> **Data provided**
Start of Block
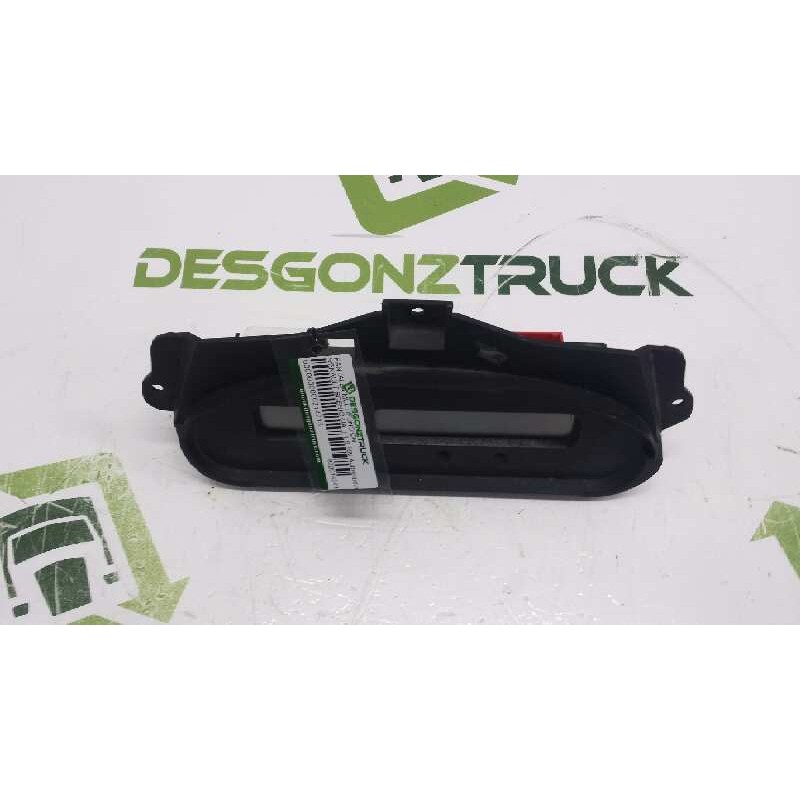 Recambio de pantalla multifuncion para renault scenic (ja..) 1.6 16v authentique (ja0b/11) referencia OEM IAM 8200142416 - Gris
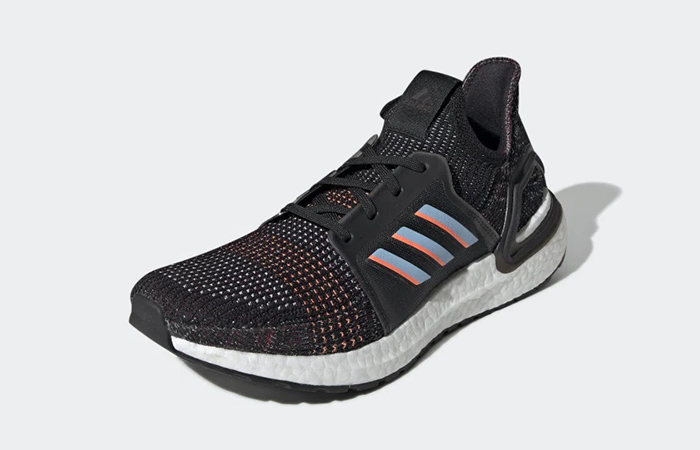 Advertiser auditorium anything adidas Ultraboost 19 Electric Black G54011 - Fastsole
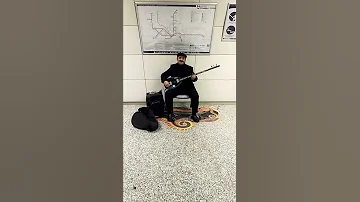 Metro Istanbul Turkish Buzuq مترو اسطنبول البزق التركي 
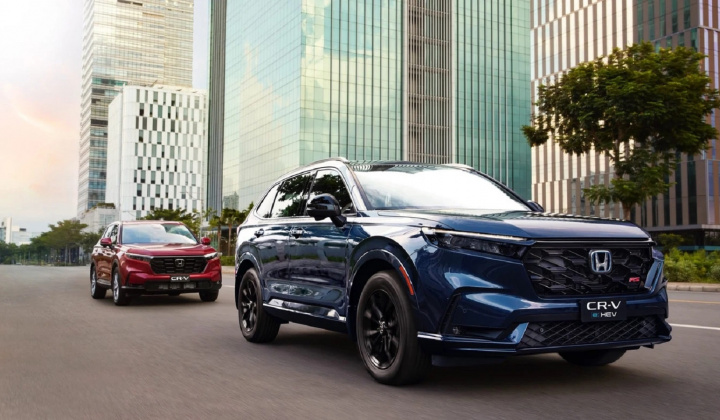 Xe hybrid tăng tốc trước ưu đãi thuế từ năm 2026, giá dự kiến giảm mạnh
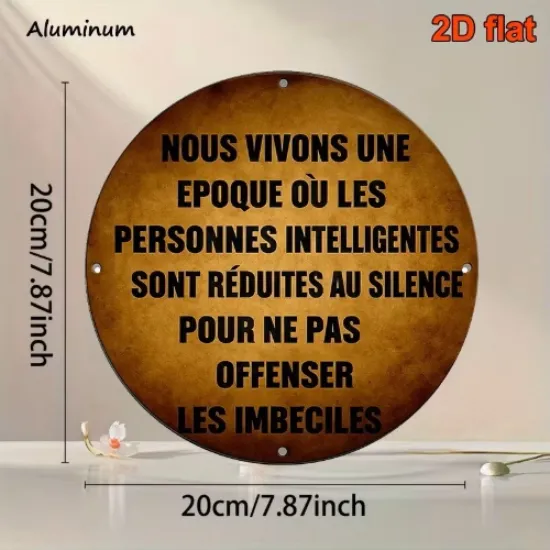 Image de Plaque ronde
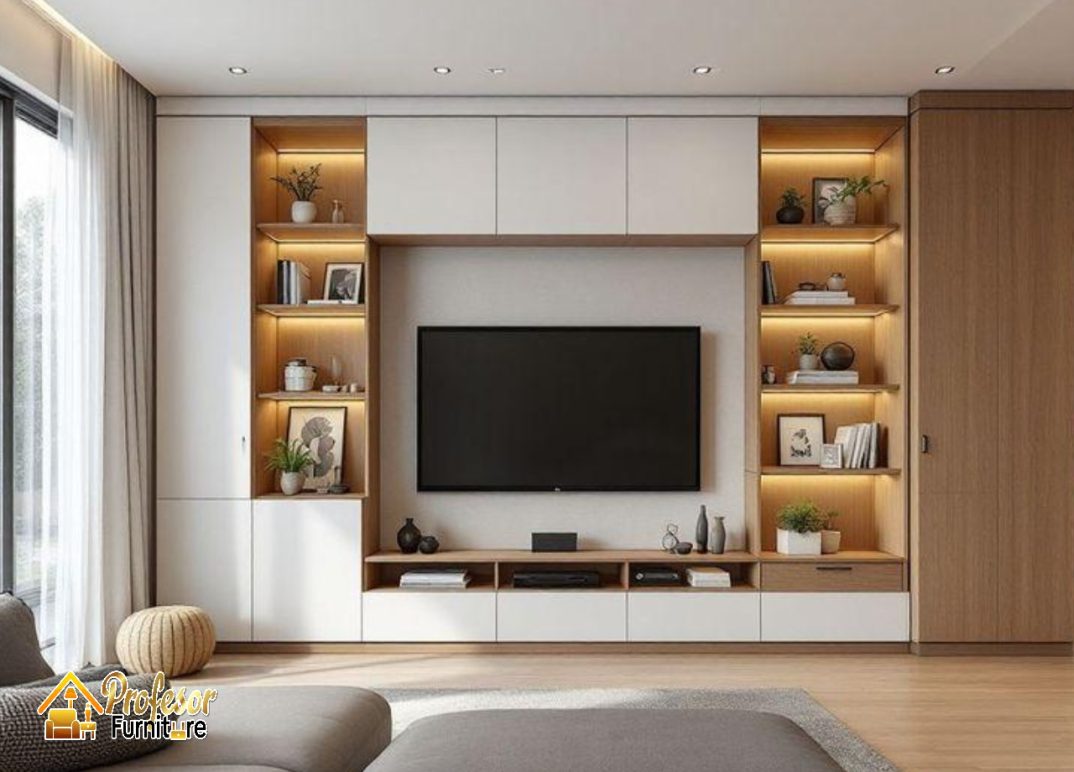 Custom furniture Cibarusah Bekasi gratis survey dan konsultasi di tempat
End of Block
Start of Block
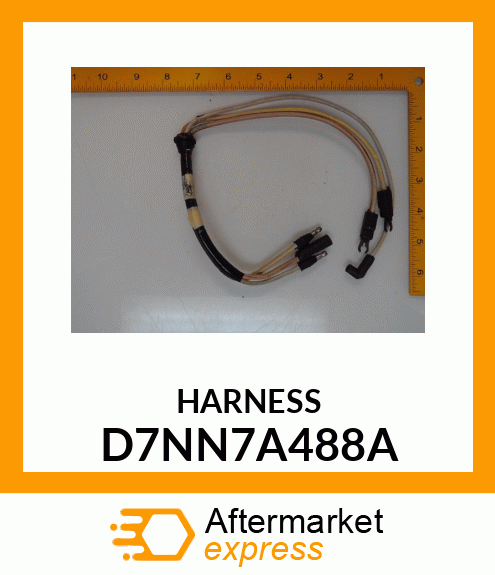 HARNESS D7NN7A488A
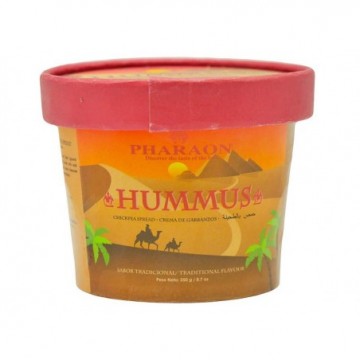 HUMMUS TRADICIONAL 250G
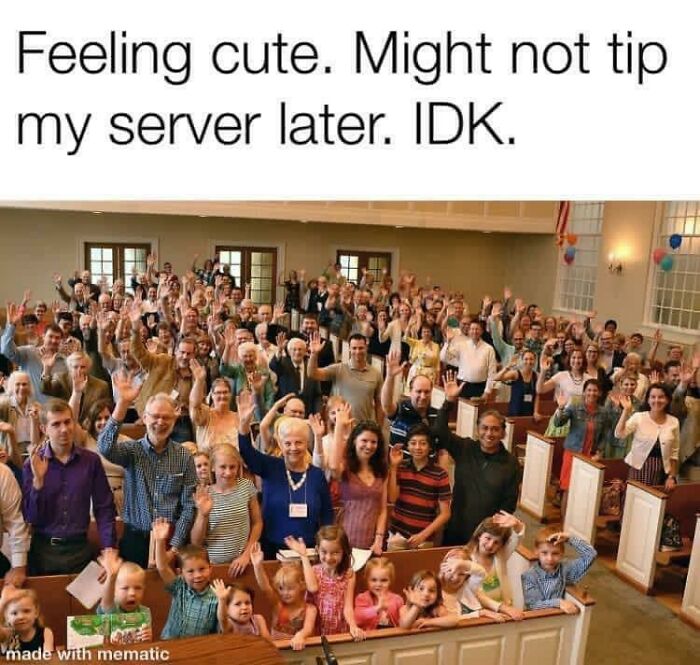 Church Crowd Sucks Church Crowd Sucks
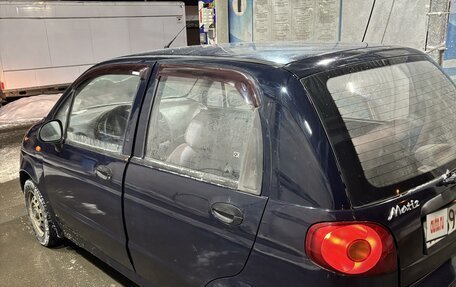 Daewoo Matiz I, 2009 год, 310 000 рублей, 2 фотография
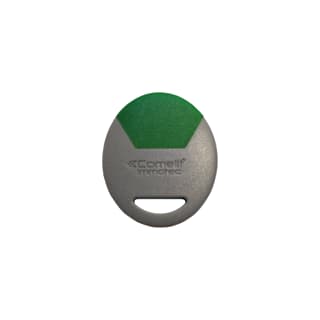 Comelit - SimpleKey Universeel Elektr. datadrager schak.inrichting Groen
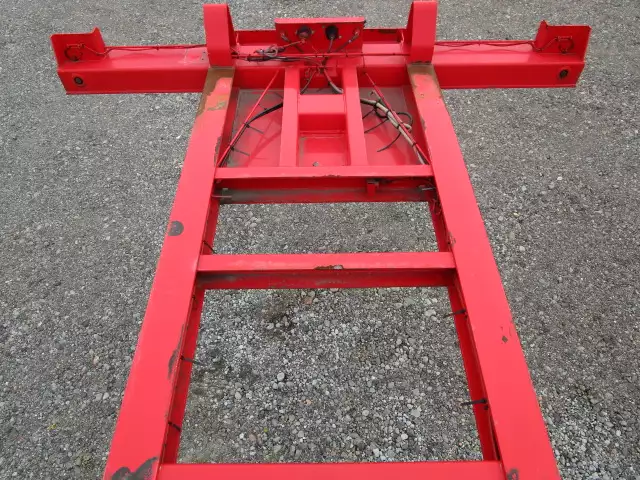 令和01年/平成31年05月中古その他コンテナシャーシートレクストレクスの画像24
End of Block
Start of Block
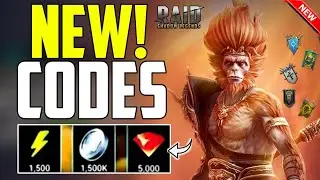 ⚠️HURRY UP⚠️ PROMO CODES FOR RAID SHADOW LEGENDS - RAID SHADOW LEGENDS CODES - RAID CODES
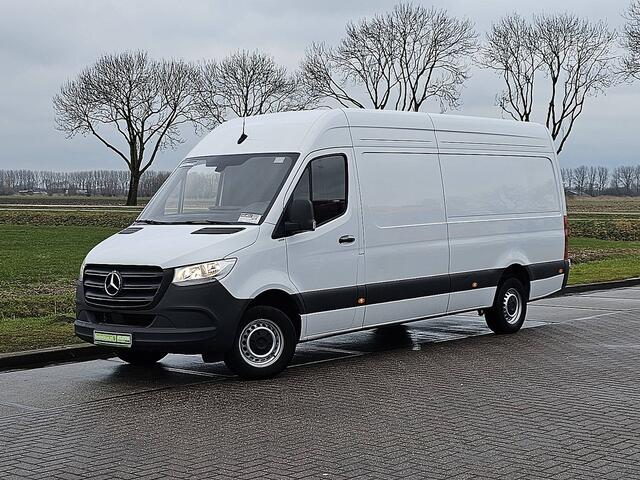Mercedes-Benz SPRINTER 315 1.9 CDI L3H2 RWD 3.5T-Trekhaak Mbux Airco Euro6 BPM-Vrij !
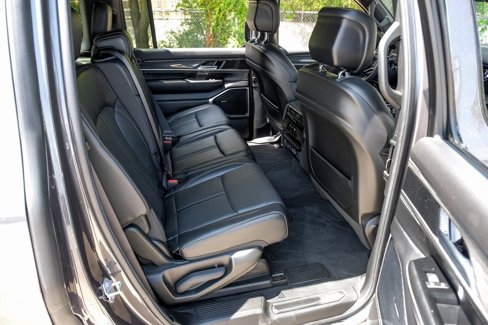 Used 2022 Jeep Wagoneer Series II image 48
End of Block
> **Required work**
Although the records hold pictures, the copy must not; give again exactly the lines from the one with "Recambio de pantalla" through the one with "Custom furniture Cibarusah".

> **Answer to this task**
 Recambio de pantalla multifuncion para renault scenic (ja..) 1.6 16v authentique (ja0b/11) referencia OEM IAM 8200142416 - Gris
 Advertiser auditorium anything adidas Ultraboost 19 Electric Black G54011 - Fastsole
 Metro Istanbul Turkish Buzuq مترو اسطنبول البزق التركي 
 Xe hybrid tăng tốc trước ưu đãi thuế từ năm 2026, giá dự kiến giảm mạnh
 Image de Plaque ronde
 Custom furniture Cibarusah Bekasi gratis survey dan konsultasi di tempat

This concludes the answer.